▶ [Work request]
Find how many lines in the data below mention "Women". Give the number only.
═══ Given entries
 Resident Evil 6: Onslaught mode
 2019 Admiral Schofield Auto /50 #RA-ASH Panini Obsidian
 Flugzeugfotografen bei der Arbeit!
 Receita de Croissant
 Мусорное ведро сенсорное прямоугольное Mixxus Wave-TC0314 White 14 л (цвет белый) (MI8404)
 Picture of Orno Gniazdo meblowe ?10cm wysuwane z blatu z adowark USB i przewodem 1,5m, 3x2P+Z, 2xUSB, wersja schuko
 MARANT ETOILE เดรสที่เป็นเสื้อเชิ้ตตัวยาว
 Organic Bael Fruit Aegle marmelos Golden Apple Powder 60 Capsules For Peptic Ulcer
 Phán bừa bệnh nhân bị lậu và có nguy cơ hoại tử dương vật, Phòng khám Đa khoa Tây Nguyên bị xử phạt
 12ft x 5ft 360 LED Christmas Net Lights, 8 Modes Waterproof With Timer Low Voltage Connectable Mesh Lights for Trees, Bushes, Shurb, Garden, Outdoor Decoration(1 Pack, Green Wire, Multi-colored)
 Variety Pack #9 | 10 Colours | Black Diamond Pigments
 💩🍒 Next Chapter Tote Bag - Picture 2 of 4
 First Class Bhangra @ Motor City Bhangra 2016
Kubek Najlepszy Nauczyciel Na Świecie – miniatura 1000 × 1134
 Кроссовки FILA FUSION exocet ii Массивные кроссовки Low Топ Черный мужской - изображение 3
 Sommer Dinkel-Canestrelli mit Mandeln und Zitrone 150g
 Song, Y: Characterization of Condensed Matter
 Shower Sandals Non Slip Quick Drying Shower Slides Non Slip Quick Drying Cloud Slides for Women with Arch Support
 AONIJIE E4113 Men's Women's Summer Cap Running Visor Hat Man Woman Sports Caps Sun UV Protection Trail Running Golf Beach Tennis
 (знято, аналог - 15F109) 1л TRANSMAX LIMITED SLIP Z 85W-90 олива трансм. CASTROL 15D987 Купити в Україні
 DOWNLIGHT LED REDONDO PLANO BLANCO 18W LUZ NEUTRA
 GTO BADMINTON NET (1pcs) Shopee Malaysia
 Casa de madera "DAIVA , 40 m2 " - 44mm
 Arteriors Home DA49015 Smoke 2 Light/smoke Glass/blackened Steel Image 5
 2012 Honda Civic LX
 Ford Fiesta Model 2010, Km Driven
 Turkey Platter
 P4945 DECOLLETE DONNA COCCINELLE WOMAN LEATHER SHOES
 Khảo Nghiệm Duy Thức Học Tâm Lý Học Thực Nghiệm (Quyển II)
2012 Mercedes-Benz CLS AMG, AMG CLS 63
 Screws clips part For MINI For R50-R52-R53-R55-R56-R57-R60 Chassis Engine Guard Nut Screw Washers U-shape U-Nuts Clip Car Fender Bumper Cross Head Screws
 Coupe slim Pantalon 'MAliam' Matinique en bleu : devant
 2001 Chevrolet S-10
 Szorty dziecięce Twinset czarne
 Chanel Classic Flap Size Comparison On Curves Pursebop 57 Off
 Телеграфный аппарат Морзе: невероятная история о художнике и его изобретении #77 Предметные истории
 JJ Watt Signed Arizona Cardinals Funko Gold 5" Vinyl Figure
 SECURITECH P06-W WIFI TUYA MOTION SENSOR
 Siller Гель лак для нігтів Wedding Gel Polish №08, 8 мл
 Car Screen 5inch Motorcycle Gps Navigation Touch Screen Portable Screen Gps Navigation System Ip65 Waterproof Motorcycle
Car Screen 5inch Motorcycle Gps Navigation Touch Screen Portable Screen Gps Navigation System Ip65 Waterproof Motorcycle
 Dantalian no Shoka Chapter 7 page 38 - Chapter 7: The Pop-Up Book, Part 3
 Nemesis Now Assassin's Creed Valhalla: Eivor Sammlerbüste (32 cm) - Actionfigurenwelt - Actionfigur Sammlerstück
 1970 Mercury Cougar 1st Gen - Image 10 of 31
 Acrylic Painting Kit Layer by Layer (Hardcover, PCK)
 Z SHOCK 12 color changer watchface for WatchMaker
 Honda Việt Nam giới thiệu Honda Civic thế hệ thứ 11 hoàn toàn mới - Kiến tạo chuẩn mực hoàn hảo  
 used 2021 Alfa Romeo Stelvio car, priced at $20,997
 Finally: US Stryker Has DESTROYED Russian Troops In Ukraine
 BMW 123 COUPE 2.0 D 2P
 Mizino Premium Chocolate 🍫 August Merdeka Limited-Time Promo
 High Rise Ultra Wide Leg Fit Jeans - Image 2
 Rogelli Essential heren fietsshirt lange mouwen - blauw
══════
▶ [Exercise answer]
2